| DATA |

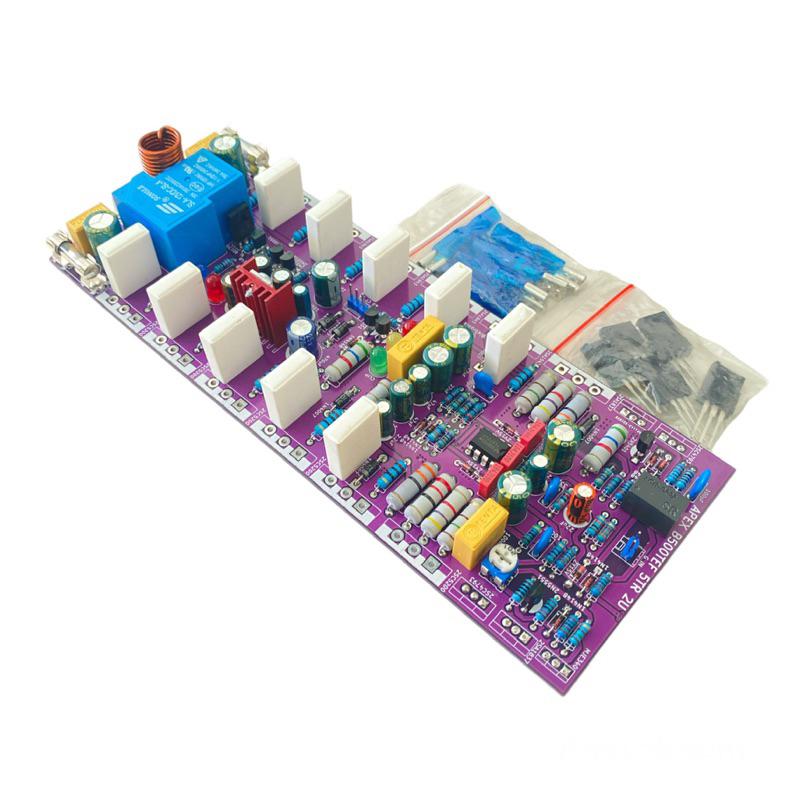 KIT DRIVER APEX B500 TEF 2U plus PROTEKTOR DOBEL LAYER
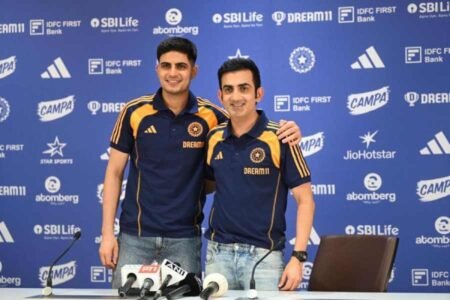 gambhir first choice of Gill as a VC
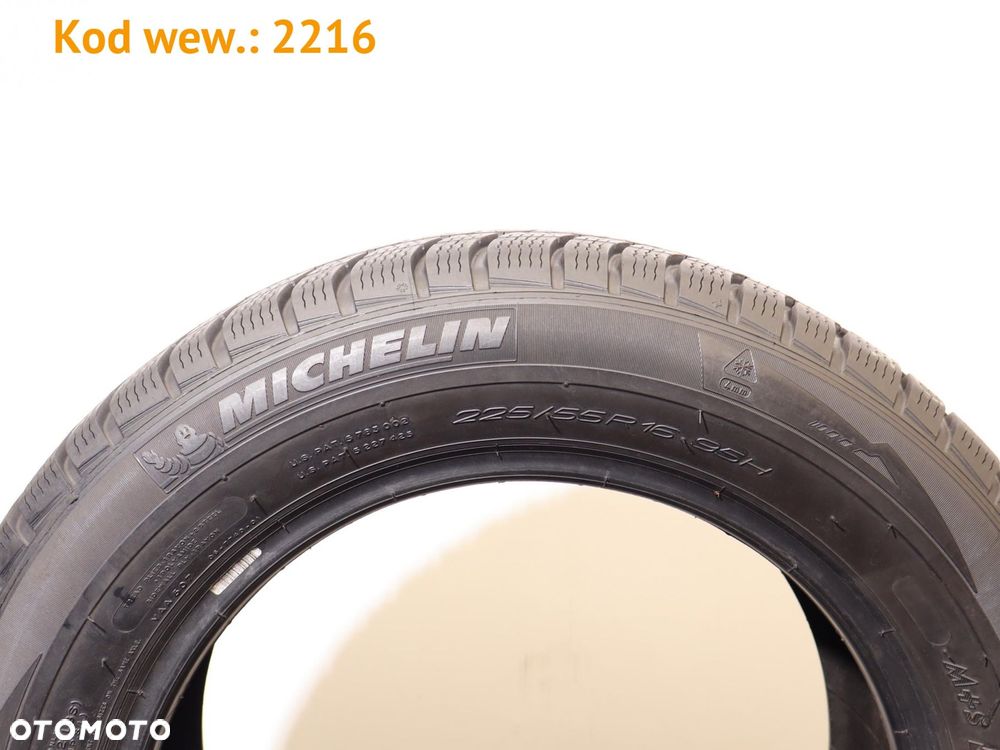 Michelin PILOT ALPIN PA2 - 225/55 R16 - 6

| REQUIREMENT |
When you write out the material above, keep every line exact and drop each picture.

| SOLUTION TO THIS PROBLEM |
 KIT DRIVER APEX B500 TEF 2U plus PROTEKTOR DOBEL LAYER
 gambhir first choice of Gill as a VC
 Michelin PILOT ALPIN PA2 - 225/55 R16 - 6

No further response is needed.